Tamil has undergone a bit of a purification process, in which many words of Sanskritic origin have been purged in favor of Tamil equivalents.  I am unaware of any examples off the top of my head, but I'm sure any Tamil on this forum could give you an example.  

I have heard that Brahmin Tamil is very distinct and has a higher number of Sanskritic Tadbhavs (loan words) than does "regular" Tamil.


----------



## doom9

I know it has gone through a purification process. But on the website langaugeshome.com, under Medium English is Learn Tamil and, in the sentence "He slept well the whole night." The transliteration has rathiriyum and raat in Sanskrit means night so...


----------



## panjabigator

I think in Sanskrit, it is the same as in Gujarati.  /ratri/


----------



## Frank06

Hi,


doom9 said:


> Hello, could someone tell me some words in Tamil that come from Sanskrit? There aren't really that many Sanskrit words in Tamil but could you tell me those Sanskrit words? Thanks.
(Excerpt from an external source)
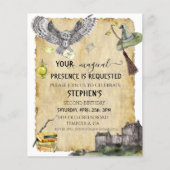 Tovenaar Heksen School Uil Verjaardag (Voorkant)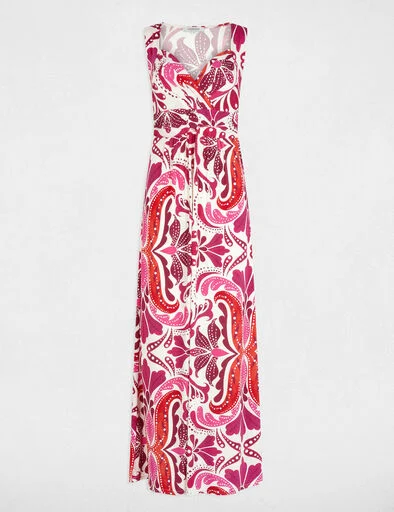 robe-longue-col-coeur-multicolore-femme-vue3-32536311050490900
I have been searching for a list, but I couldn't find none. What I did find made me curious about the background of your Tamil/Sanskrit question:
On a lot of Hindi (and Hindutva) sites I read that there are 1000s and more Sanskrit words in Tamil. Now, for some Indian 'scholars', everything is to be related to Hindi (or rather to Sanskrit). 
On sites written from, how can I say, the Tamil point of view, the number of Sanskrit words is minimalised. At least, that's my impression...
Could you please give some extra explanation on the Tamil/Sanskrit issue?

Groetjes,

Frank


----------



## doom9

I went to wikipedia and it said that any Sanskrit words that are in Tamil have been restricted to some spiritual terminology and abstract nouns. 

To my knowledge, during the late medieval period, there was a lot of interaction between Tamil and Sanskrit, so many Tamil words came into Sanskrit, and many Sanskrit words came in Tamil.

But during the 20th century, many people wanted to remove the Sanskrit influence on Tamil as they thought Tamil was more pure than Sanskrit because of their origins and such. Now there are hardly any Sanskrit loan words in Tamil except for a few spiritual terminology and abstract nouns.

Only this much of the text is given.